Mais, si on ne regarde pas les pourcentages, qui se réfèrent aux nombres de votants – étant donné la forte abstention, ils déforment les données réelles – mais le nombre effectif de votes dans les 13 régions où on a voté, les deux partis communistes PRC et PdCI perdent – et pas sur quelques années, mais en l'espace seulement de 10 mois et à l'intérieur du même contexte politico-social (crise économique, gouvernement Berlusconi) – presque 1/3 des voix qu'ils avaient obtenu aux européennes: ils passent de 910 472 voix de Juin 2009 à 620 021 de mars 2010 (sans tenir compte du fait que dans certaines régions comme les Pouilles ou la Toscane la Fédération de la Gauche s'est présentée avec les Verts). Avec toute la différence que l'on peut faire entre un vote régional (où peuvent valoir aussi des intérêts locaux particuliers) et un vote politique européen, les données sont quand même alarmantes et ne doivent absolument pas être sous-estimées. Car le vote aux européennes était déjà dans une large mesure un vote militant, de communistes, de ce « noyau dur » qui ne s'était pas laissé ensorcelé par le chant des sirènes de Vendola et n'acceptait pas l'effacement de la faucille et du marteau. En quelques mois, près de 300 000 camarades ont décidé de ne pas voter pour nous (et probablement de ne pas voter du tout). Nous ne pouvons pas ne pas voir que la résistance relative porte la marque d'une résistance résiduelle, non de la relance d'un fort projet politique et organisationnel. Ce serait absurde – et aussi politiquement coupable –de se retrancher derrière la maigre consolation que, tout compte fait, on survit encore.
Face au résultat électoral, plusieurs voix se lèvent désormais pour proposer un élargissement d'alliances pour la construction d'un front de « gauche alternative » contre les droites de Berlusconi et de la Ligue, contre la dénaturation totale de la Constitution. On propose le renforcement de la Fédération de Gauche et une forme d'alliance avec Gauche Ecologie et Liberté (SEL). Cela en soi, dans la situation donnée, n'est certainement pas erroné: la politique des alliances est dans la tradition communiste. Mais, il y a un mais.
Toute proposition d'alliance, sous la forme de pacte fédératif ou de simple bloc électoral (ce qui évidemment n'est pas du tout la même chose) nécessite, si on ne veut pas finir phagocyté par l'allié, un parti communiste fort et structuré.

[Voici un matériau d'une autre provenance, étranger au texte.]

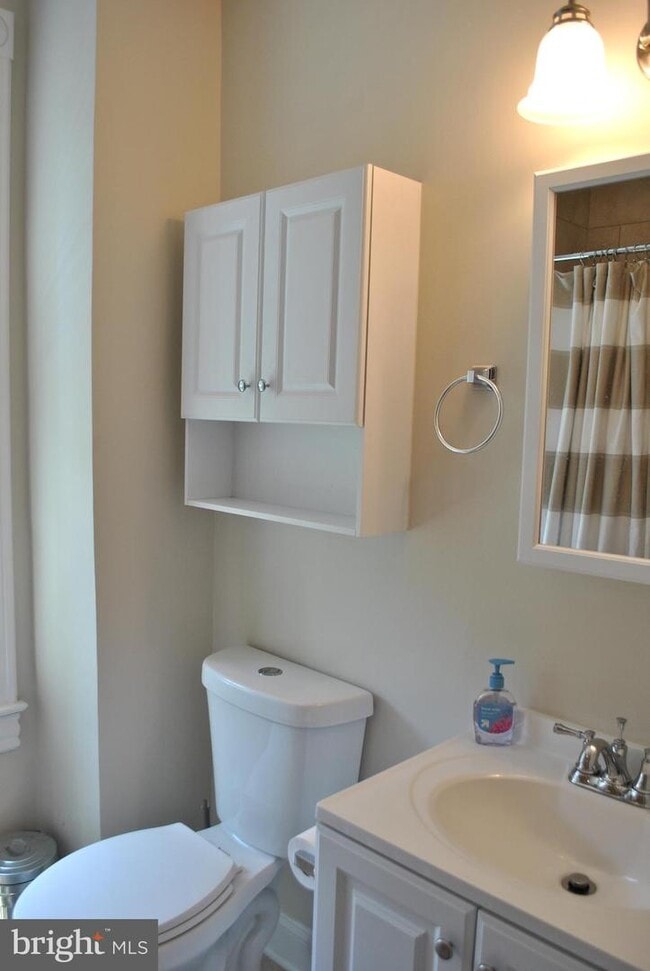 Building Photo - 127 10th St SE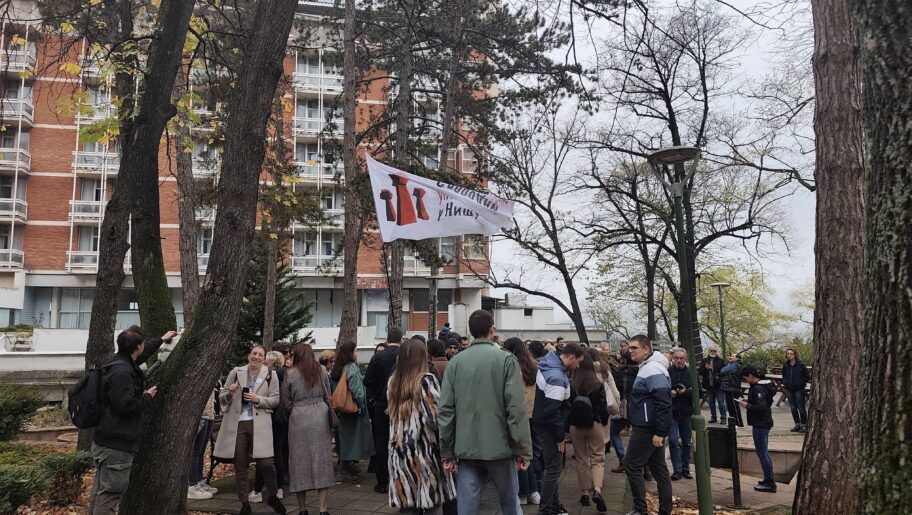 Održan protest u Niškoj Banji zbog osnivanja Fakulteta srpskih studija, sastanka nije bilo 16 1000015872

La question de l'unité des communistes pour la reconstruction d'un parti communiste adapté aux problèmes de notre époque est plus que jamais à l'ordre du jour.
La question fut posée avec clarté il y a deux ans, au lendemain de la débâcle de « l'Arcobaleno ». Le congrès du PdCI (2008) la fit sienne, celui, très difficile, du PRC, tout en sauvant le parti du projet liquidateur de Bertinotti et Vendola, non, sauf des composantes minoritaires, comme celle de l'Ernesto. La liste PRC-PdCI aux européennes de 2009 a ouvert de nouvelles formes de collaboration, qui n'ont pas débouché toutefois sur un processus authentiquement unitaire, qui est resté au contraire au milieu du gué, bloqué par les hésitations de la majorité du PRC (certains au sein de la direction du PRC disent explicitement que le PdCI a « du plomb dans l'aile »). La FdS est née en juillet 2009 comme un compromis possible entre les exigences divergentes, de l'unité communiste d'un côté, et de conceptions ancrées dans des cultures non-communistes, lointaines et étrangères à l'expérience historique du communisme du XX ème siècle et aux mouvements anti-impérialistes (voir par exemple l'article de veine anti-palestinienne de Lidia Menapace, du 25 mars, dans Liberazione). La vie même de la FdS a été affectée par ces éléments divergents (à partir du nom, qui a effacé même le mot « communiste », alors que la FdS est composée à 95% du PRC et du PdCI), et le projet politique en découlant est resté flou, faisant perdre un temps précieux. Et le temps ne travaille pas pour nous.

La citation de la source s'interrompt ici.